防衛費増の受注は大手へ、だが成長は部品供給業者に
防衛予算の増加に対する本能的な反応は、最大の契約企業を保有することであり、主契約企業は確かに新たな資金の多くを受注するだろう。しかし、この予算をより鋭く読むなら、同じストーリーの2つのレベルを分けて考えるべきだ。
1次思考:防衛支出が増加しているため、主契約企業が恩恵を受ける
2次思考:防衛支出の構成が自律性・センシング・速度へとシフトしている。そのため、持続的な成長は、数百のプログラム横断的に組み込まれた供給業者に帰属する
2001年以降の前回の米国防衛支出拡大は、対反乱作戦のプラットフォームとサービスに流れた。予算文書によれば、今回は自律性へと舵が切られている。それらの予算項目に並ぶドローン、迎撃システム、極超音速防衛レーダーは、すべてプロセッサー、センサー、通信機器、堅牢な電子機器を搭載している。そのレイヤーを供給するマーキュリー・システムズのような企業は、構成シフトが最初に着地する場所に位置している。
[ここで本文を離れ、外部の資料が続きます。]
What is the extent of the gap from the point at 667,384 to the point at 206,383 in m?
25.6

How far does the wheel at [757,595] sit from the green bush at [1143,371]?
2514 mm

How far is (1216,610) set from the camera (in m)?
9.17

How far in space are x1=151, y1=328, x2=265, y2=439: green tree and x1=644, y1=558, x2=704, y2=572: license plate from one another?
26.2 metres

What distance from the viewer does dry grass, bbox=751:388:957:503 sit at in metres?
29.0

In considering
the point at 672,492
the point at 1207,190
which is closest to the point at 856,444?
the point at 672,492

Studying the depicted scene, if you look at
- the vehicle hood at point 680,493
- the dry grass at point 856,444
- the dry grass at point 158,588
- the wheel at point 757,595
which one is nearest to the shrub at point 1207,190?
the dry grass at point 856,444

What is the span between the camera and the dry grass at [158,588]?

今後注視すべき点は3つある。第1に、自律性セクションが2027会計年度予算要求で再び拡大するか。それが確認されれば、このカテゴリーは実験ではなく、守るべきベースラインとして確立されたと言える。第2に、記録的な受注残が売上に転換されていくにつれ、マーキュリーの受注対売上比が1を超え続けるか。第3に、このストーリーで最も急成長している資金プールである欧州の8640億ドル(約139.97兆円)が、電子機器レイヤーでの契約獲得として現れ始めるか。
投資家は通常、政府がいくら支出するかを問うことで防衛予算を追ってきた。今、より有益な問いは、その資金が何を買うかである。2026年の答えは自律性・センシング・速度だ。その受注は、市場が価格付けできる売上として現れる何年も前に、これらのシステムを動かす部品を作る企業に着地している。